= What to produce =
From the line containing "Vlore, shitet apartament" down to the line containing "BT 03-2112 เดรสลูกไม้", copy out the entries below exactly, both lines included, and nothing else; pictures do not belong in the copy.

= Provided material =
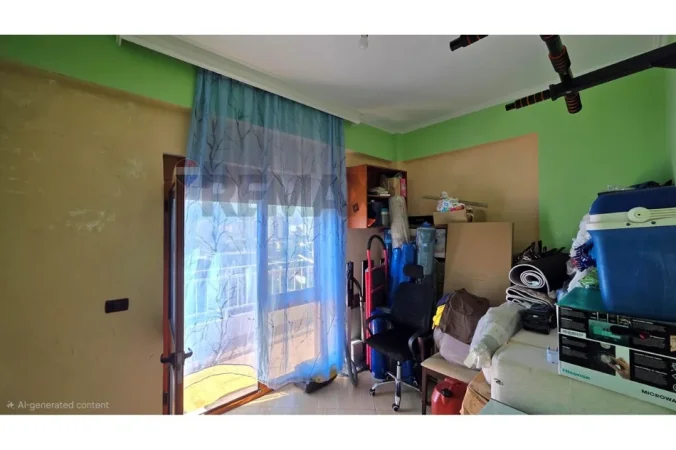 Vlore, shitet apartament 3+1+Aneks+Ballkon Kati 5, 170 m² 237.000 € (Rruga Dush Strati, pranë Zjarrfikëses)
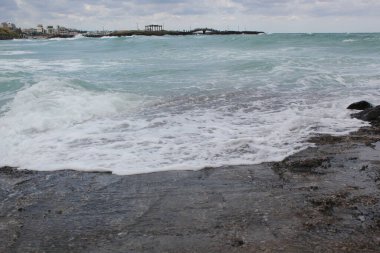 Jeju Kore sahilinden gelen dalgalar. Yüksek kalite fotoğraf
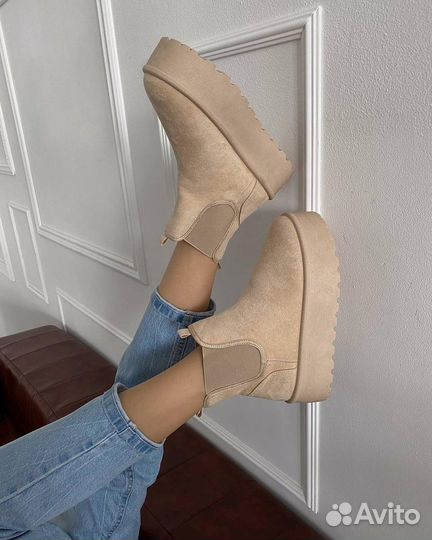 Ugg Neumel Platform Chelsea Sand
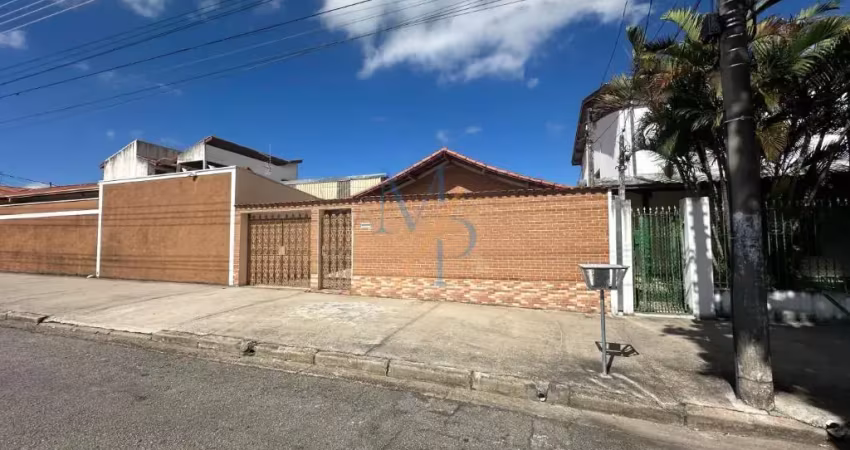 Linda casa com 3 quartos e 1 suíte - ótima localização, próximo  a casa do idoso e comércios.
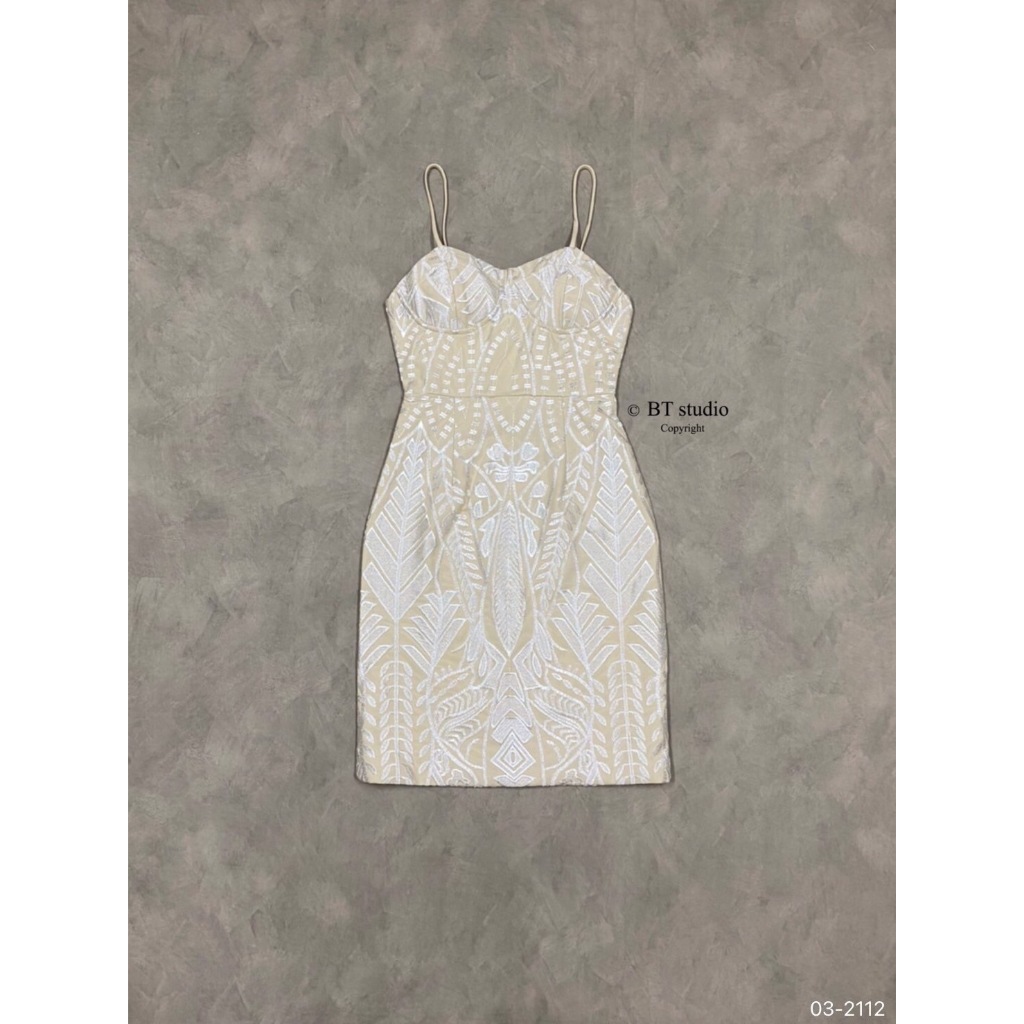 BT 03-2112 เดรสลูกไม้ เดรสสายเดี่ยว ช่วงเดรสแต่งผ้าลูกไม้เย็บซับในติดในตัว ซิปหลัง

...

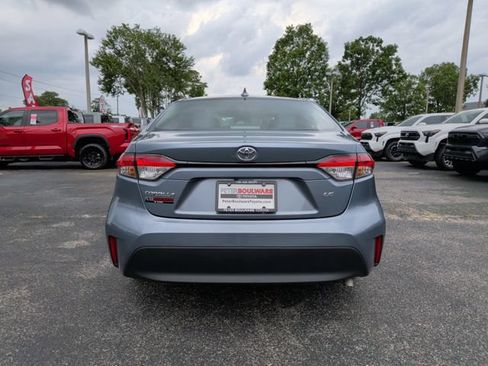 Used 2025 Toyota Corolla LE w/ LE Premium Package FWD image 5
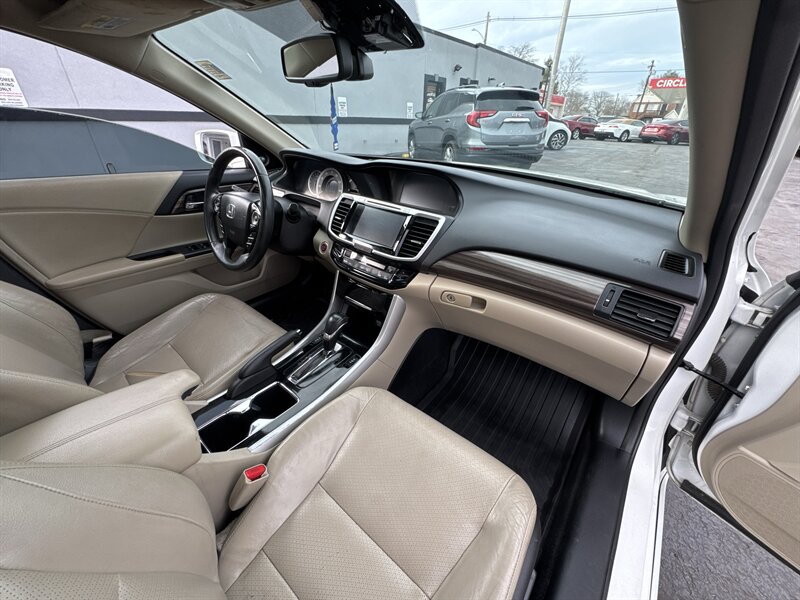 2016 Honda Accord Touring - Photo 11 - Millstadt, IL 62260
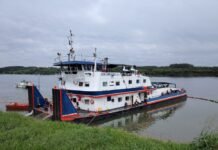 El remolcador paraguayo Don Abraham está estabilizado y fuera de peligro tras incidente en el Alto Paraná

= Answer to this task =
 Vlore, shitet apartament 3+1+Aneks+Ballkon Kati 5, 170 m² 237.000 € (Rruga Dush Strati, pranë Zjarrfikëses)
 Jeju Kore sahilinden gelen dalgalar. Yüksek kalite fotoğraf
 Ugg Neumel Platform Chelsea Sand
 Linda casa com 3 quartos e 1 suíte - ótima localização, próximo  a casa do idoso e comércios.
 BT 03-2112 เดรสลูกไม้ เดรสสายเดี่ยว ช่วงเดรสแต่งผ้าลูกไม้เย็บซับในติดในตัว ซิปหลัง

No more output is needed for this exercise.